When the prophets spoke of the coming Messianic age, they sometimes pictured it as a time that would be dripping with wine:
“Behold, the days are coming,” says the Lord,
“When the plowman shall overtake the reaper,
And the treader of grapes him who sows seed;
The mountains shall drip with sweet wine,
And all the hills shall flow with it.
I will bring back the captives of My people Israel;
They shall build the waste cities and inhabit them;
They shall plant vineyards and drink wine from them;
They shall also make gardens and eat fruit from them (Amos 9:13-14, emphasis added).
When Messiah comes, wine will be as abundant as flowing mountain rivers.
With that in mind, reconsider John 2:1-12, where you read about Jesus’ “beginning of signs” (v 11)—signs that John would later explain were meant to convince his readers that Jesus is the Christ, the Son of God (John 20:30-31).
You know the story.
Jesus was attending a wedding in Galilee when they ran out of wine. His mother, Mary, was also there, and the way she gave orders to the servants suggests this might have been the wedding of a family member. She urged her Son to do something, at which point, He turned six waterpots of “twenty or thirty gallons apiece” (v 6) into the very finest wine.

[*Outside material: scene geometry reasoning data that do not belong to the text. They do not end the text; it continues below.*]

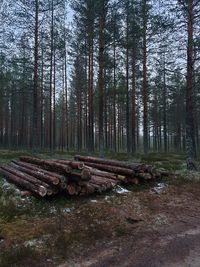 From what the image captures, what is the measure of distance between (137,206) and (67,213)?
85.2 inches

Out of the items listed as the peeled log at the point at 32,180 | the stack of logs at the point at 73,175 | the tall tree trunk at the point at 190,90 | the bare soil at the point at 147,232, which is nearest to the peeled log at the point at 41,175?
the stack of logs at the point at 73,175

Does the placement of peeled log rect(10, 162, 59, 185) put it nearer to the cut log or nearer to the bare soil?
the bare soil

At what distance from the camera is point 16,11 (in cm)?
2139

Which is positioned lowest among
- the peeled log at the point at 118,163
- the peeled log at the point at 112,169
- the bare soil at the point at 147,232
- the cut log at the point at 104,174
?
the bare soil at the point at 147,232

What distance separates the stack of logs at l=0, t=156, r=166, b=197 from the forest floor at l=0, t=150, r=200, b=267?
308 millimetres

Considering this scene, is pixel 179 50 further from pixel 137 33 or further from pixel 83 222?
pixel 83 222

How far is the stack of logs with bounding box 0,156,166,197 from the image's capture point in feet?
28.0

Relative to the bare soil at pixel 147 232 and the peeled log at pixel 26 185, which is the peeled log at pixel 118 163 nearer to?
the bare soil at pixel 147 232

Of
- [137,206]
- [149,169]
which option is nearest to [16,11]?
[149,169]

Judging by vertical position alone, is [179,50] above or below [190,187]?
above

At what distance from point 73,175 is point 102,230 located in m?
2.00

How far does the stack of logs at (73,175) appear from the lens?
855cm

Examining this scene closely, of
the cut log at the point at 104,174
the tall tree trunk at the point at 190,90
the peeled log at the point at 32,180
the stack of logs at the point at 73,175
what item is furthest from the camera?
the tall tree trunk at the point at 190,90

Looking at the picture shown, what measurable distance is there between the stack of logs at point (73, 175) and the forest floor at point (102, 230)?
0.31 m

Out of curiosity, I looked up the world’s most expensive wines (see here). An 1869 Chateau Lafite sold for $232,692 a bottle, while a 1947 Cheval-Blanc sold for $304,000. Well, to spark your imagination, Jesus had just made the equivalent of 886 bottles of the world’s finest wine. If Jesus’ wine was at least as good as a Cheval-Blanc, it might have been worth a fortune!
Have you ever read John 2 and taken it to mean that Jesus performed a neat party trick? Well, now you know it was much more than that. To the prophetic “connoisseur,” turning water into abundant wine was not a trick, but an announcement!
Abundant wine was a sign that Messiah had come. No wonder “His disciples believed in Him” (John 2:11).